AJEI, Scholar Workshop : Labour, mobility and mobilization
CSH is partner of the Indian and French Scholar’s Workshop on Labour, Mobility and Mobilization, organized by the Young Researchers Association Jeunes Etudes Indiennes (AJEI) and the Centre for Informal Sector and Labour Studies (CISLS) that will be held on February 11-14, 2014 at Committee Room, SSS-1, JNU, New Delhi
The Complete Agenda
The Association Jeunes Études Indiennes (AJEI) gathers students from different disciplinary fields of social sciences, from MA to post-doctorate level, who are undertaking fieldwork in South Asia. The AJEI organizes every year a seminar in France and a one-week workshop in India for young and senior researchers to present and discuss their work. The selected theme for the 2014 workshop is “Labour, mobility and mobilization in India“.
Labour in India has become in recent years a prolific theme for research in social and human sciences, as well as an important topic of debate among policy makers. The scholarly debate has evolved rather rapidly over the last twenty years, with a new focus on the informal sector, India’s “jobless growth”, labour welfare, workers’ circulations, etc. The official conception of labour has undergone changes as well with a renewed interest for the labour force working in the informal sector, as the reports of the National Commission on Labour and the National Commission for Enterprises of Unorganized Sector demonstrate1.
The changing nature and conceptions of labour and of the labour force represent an ever growing challenge for the social and human sciences. The issue of labour remains however central in understanding and analysing the current economic and social context of India, as it raises a great number of questions related to economic development and welfare, the reality of inclusive growth, social and geographical mobility, political mobilizations, etc.
The 2014 Workshop of the AJEI on Labour, mobility and mobilization aims therefore at giving an encompassing view of the most recent research works being conducted on labour in India, in order to understand both these conceptual evolutions and the most recent and pregnant issues related to labour in contemporary India. By focusing on the issues of political and social mobilizations and mobility, the objective of the workshop is to place the workers and their daily challenges at the centre of the discussion.
International Labour Migrations from and to India :
Large-scale international labour migrations from India are usually considered to have started with the system of Indentured Labour in the 19th century. Poor and unqualified workers were sent to different parts of the British Empire to work in plantations and answer the demand for cheap labour after the abolition of slavery. Most of these migrations became permanent for lack of opportunities or resources to go back to India. Many other systems developed in parallel, such as the Kangani System in Tamil Nadu or the Sardari system in Bengal1, which relied on the workers’ own networks to recruit new labourers. These “recruiting workers” had usually become foreman and could be considered as the equivalent of today’s jobbers. In the mean time, many “Passengers” or free migrants travelled from India to other parts of the Empire to work as employees, merchants, clerks, taking part in the economic and political well-being of the British Empire.
After the Independence, in the 1950s and 1960s, most International labour migrations from India took place towards the former colonial metropole.
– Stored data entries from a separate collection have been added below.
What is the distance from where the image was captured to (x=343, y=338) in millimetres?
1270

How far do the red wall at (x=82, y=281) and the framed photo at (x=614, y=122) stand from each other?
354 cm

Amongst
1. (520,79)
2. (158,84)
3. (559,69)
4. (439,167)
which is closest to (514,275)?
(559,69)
As Great Britain toughened its laws on Immigration, the flow of migrants shifted towards the “new” anglophone countries, USA, Canada, Australia. In parallel, work migrations to the Gulf Monarchies increased, both for qualified workers (doctors, nurses, etc) and unqualified labourers. In a fourth wave of migration, software professionnals from India have been emigrating since the 1990s not only to North America, but also to Europe and East Asia.
Studies on skilled and highly qualified migrants tend to forget or oversee the fact that these migrants are first and foremost economic migrants. The labour dimension of their migration is therefore often overlooked. We would like to invite papers that develop this dimension, to try and understand the challenges these skilled workers meet during their migration. The migrations of unqualified migrants travelling to and from India will also be a topic of interest of the workshop, especially papers focusing on the role of migrants’ networks, issues of working conditions, gender related issues, etc.
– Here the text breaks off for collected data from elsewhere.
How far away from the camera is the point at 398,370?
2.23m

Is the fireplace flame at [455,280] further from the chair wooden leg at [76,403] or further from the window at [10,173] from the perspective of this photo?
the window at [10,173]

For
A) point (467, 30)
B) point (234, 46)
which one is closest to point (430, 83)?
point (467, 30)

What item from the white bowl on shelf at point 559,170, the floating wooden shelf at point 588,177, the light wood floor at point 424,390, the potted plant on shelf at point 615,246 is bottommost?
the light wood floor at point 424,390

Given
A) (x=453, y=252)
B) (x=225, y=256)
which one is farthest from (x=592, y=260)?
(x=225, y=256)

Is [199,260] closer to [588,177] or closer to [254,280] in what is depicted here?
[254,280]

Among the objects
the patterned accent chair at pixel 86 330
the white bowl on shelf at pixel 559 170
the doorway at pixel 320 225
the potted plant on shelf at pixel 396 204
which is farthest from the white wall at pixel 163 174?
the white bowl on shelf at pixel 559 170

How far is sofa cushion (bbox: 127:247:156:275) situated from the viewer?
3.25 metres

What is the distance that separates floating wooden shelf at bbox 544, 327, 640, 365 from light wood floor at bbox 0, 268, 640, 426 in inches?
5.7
Seasonal and circular migrations of Labour in contemporary India :
Circular or seasonal migrations of labour for employment from rural to other rural or urban areas are not only an important reality of the Indian labour and urban landscape, but a central aspect of day-to-day lives and strategies of people in rural areas. These temporary workers usually do not benefit from any kind of welfare or security schemes and work in extremely difficult conditions (especially in certain sectors such as construction).
As Breman, Guerin and Prakash (2009) describe, the proletariat of landless and land poor labourers “constitutes a huge reserve army of labour hired and fired according to the need of the moment, in agriculture but increasingly also in other economic sectors. The extension in scale of the rural labour market gave rise to new patterns of both intra-rural and rural-to-urban labour circulation”. They are what Jan Breman calls, “Footloose labour”, who have to deal with low wages, no regular employment nor security or welfare. They often come across “new forms of labour bondage”, especially in industries such as construction, brick kilns, rice mills, etc.
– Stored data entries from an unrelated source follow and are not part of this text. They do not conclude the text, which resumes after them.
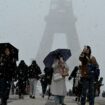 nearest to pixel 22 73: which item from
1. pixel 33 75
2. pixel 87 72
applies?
pixel 33 75

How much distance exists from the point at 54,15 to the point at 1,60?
4125 cm

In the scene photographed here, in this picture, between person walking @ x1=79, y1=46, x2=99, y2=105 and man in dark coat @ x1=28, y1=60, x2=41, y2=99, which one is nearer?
person walking @ x1=79, y1=46, x2=99, y2=105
These circular migrations, as well as the permanent or long-term exodus of workers from rural areas to cities (which is, in India, of relatively low intensity), play a central role in urban and economic growth. For instance, the construction workers in cities such as Bombay or Delhi are instrumental to Infrastructures’ development and Real Estate growth. However the official tendency is to look at permanent or temporary migrations to cities rather as a problem than as a part of the economic activity.
The AJEI would therefore like to invite papers on issues related to seasonal and circular migrations of Labour, especially if they focus on working conditions of the workers, Labour networks and role of jobbers, new and old forms of labour bondage in India, Gender-related issues, etc.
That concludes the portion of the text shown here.